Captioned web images
____
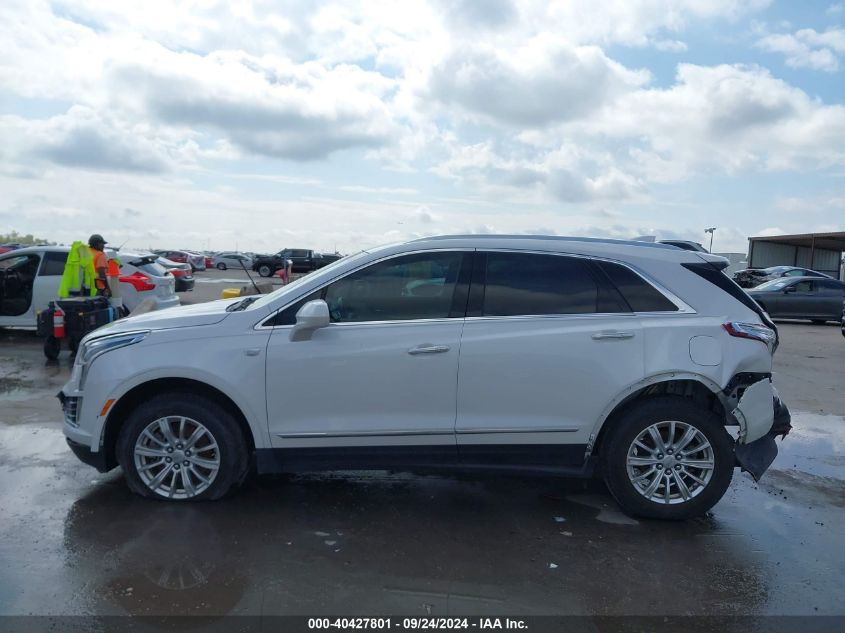 2019 Cadillac Xt5 Standard VIN: 1GYKNARS4KZ197140 Lot: 40427801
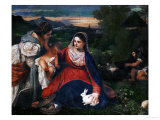The Virgin with the Rabbit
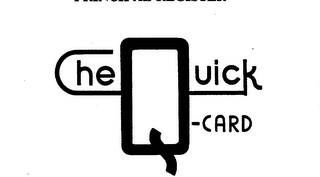 CHEQUICK Q-CARD logo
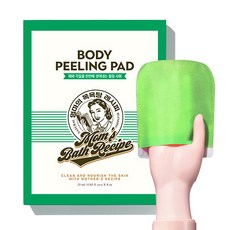 Mom's Bath Recipe 雙面去角質搓澡手套 一般款 8入裝, 1盒, 200ml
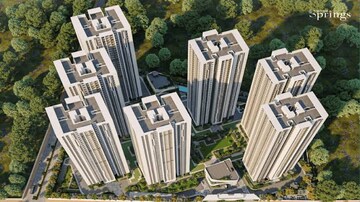 2 BHK Apartment For Sale in Aparna Zenon, Puppalaguda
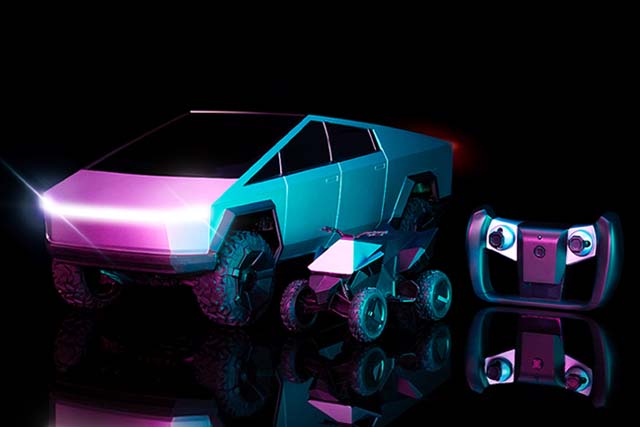 HWCにて1:10スケールRCのCYBER TRUCKが発売！ | Hot Wheels 情報まとめ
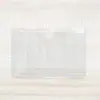 Porta-cartão de trânsito transparente sem palavras porta-cartão bancário porta-cartão de identificação porta-cartão transparente porta-cartão de plástico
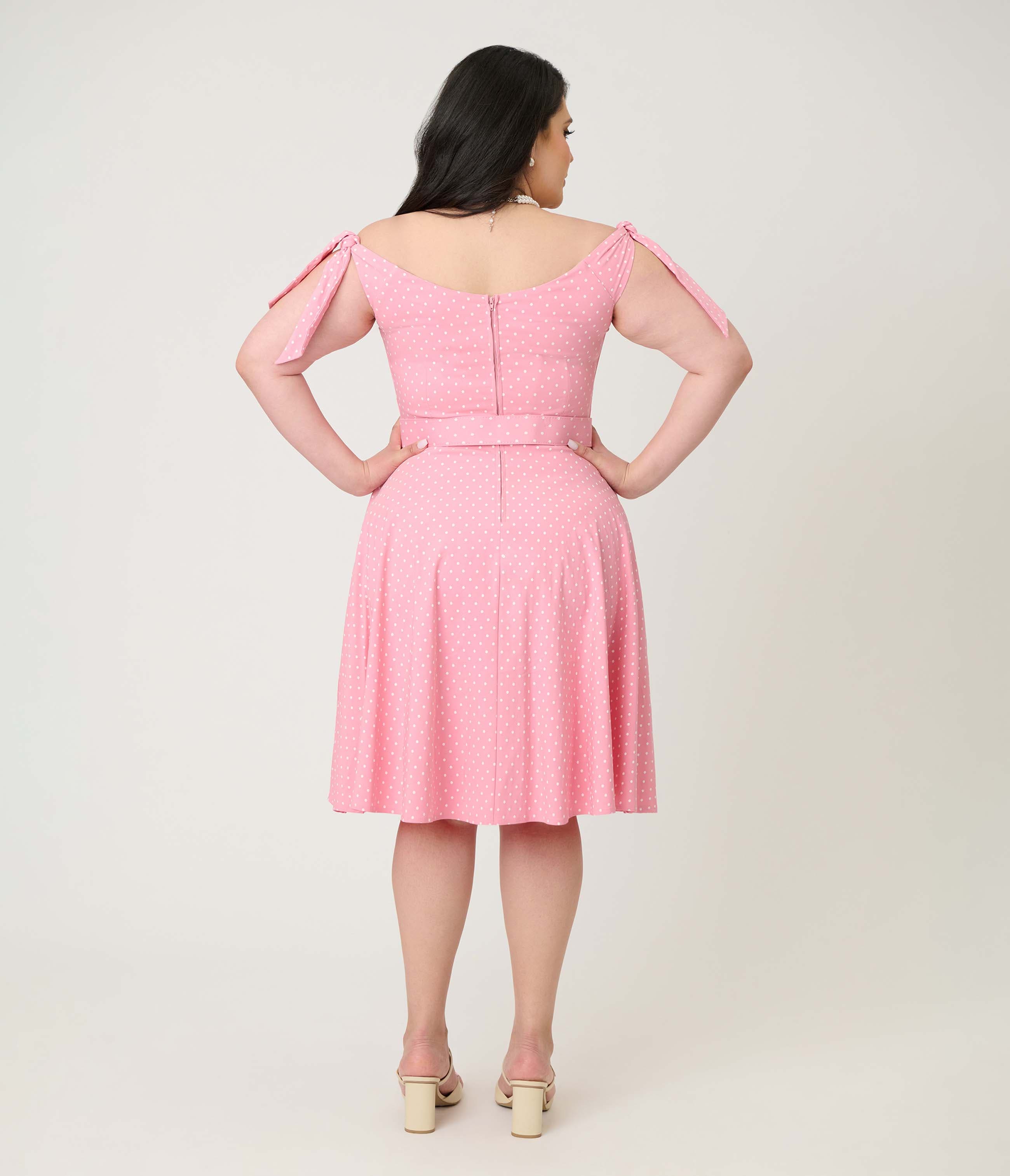 Plus Size Prairie Swing Dress - image 2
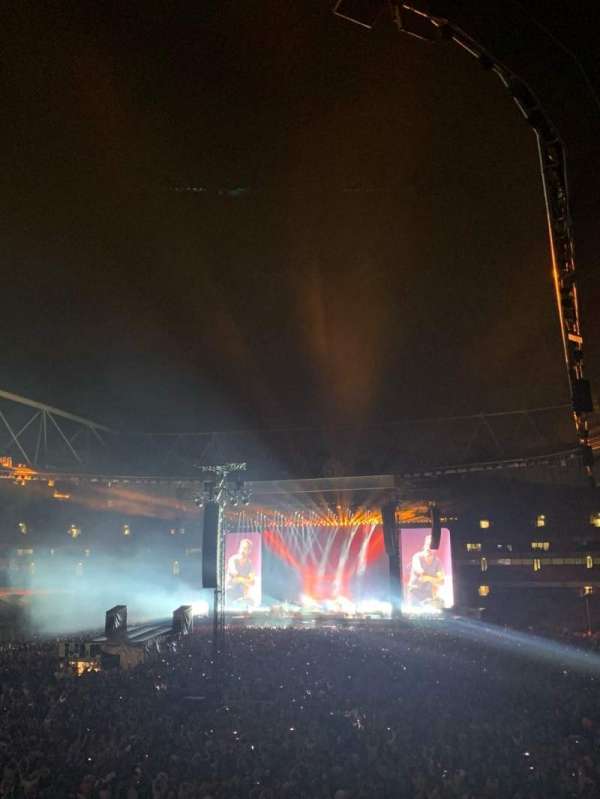 Emirates Stadium, bloc: B48, rangée: 5, place: 146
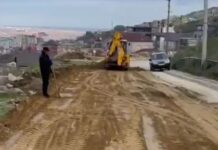 В Махачкале началось восстановление дорог в поселке Тарки, пострадавших от стихии В Махачкале началось восстановление дорог в поселке Тарки, пострадавших от стихии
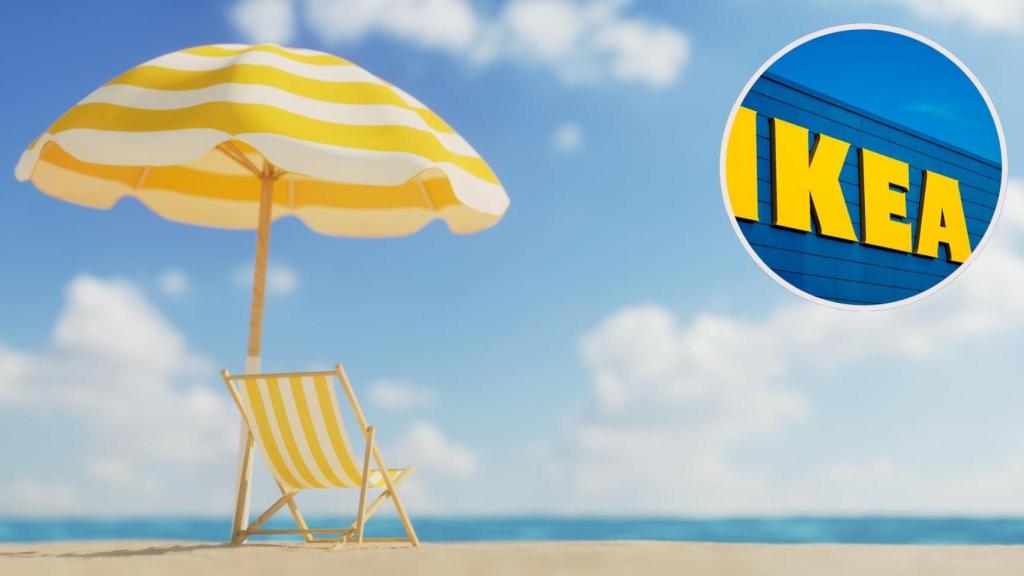 IKEA vende el accesorio de playa que todos quieren.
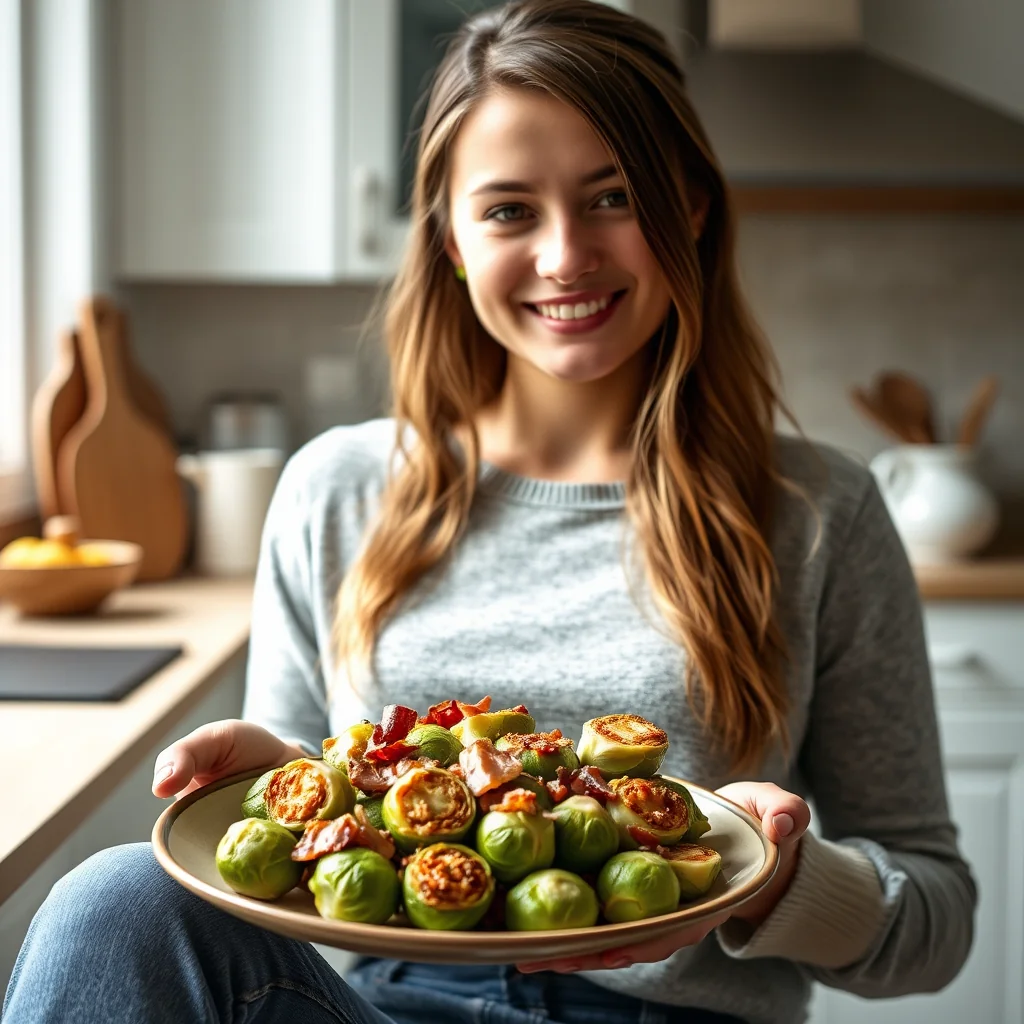 STUFFED BRUSSELS SPROUTS – stuffed brussels sprouts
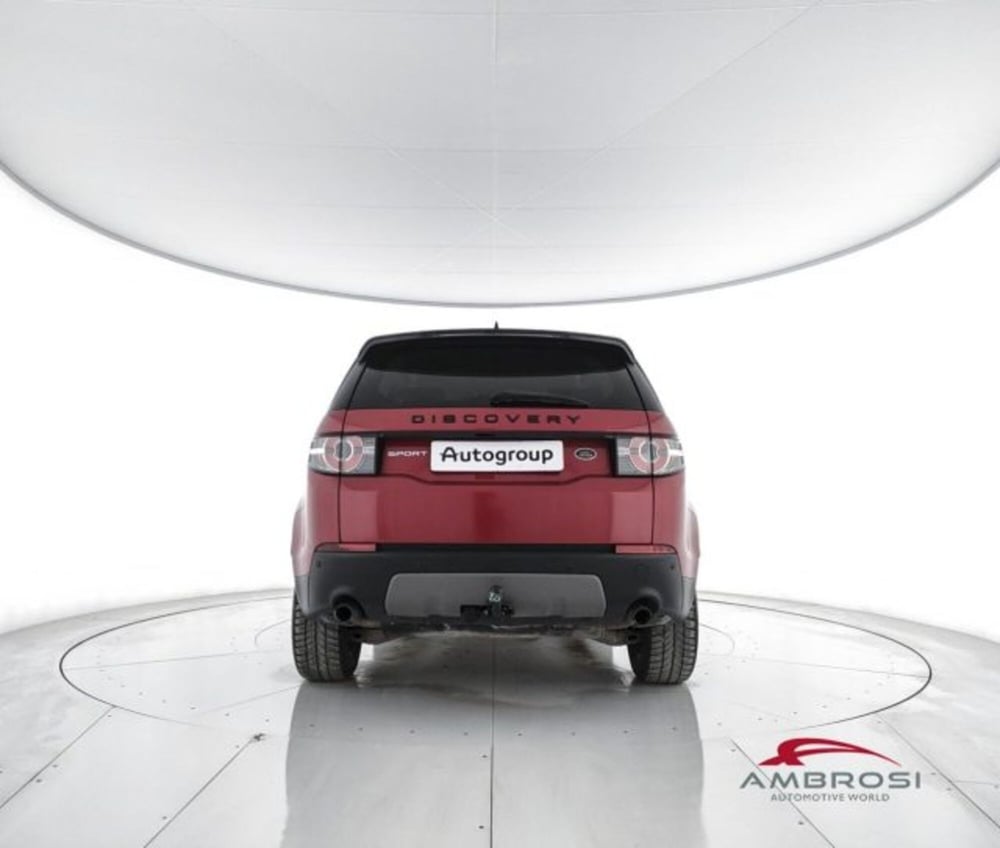 Land Rover Discovery Sport usata a Perugia (6)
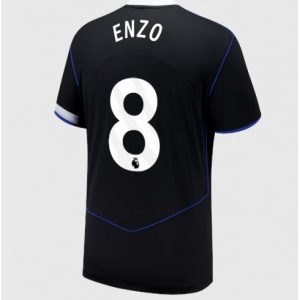Koszulka piłkarska Chelsea Enzo Fernandez #8 Koszulka Trzeciej 2025-26 Krótki Rękaw Koszulka piłkarska Chelsea Enzo Fernandez #8 Koszulka Trzeciej 2025-26 Krótki Rękaw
____
In the data above, the line containing "STUFFED BRUSSELS SPROUTS –" and all lines after it are to be reproduced exactly, leaving out the pictures.

 STUFFED BRUSSELS SPROUTS – stuffed brussels sprouts
 Land Rover Discovery Sport usata a Perugia (6)
Koszulka piłkarska Chelsea Enzo Fernandez #8 Koszulka Trzeciej 2025-26 Krótki Rękaw Koszulka piłkarska Chelsea Enzo Fernandez #8 Koszulka Trzeciej 2025-26 Krótki Rękaw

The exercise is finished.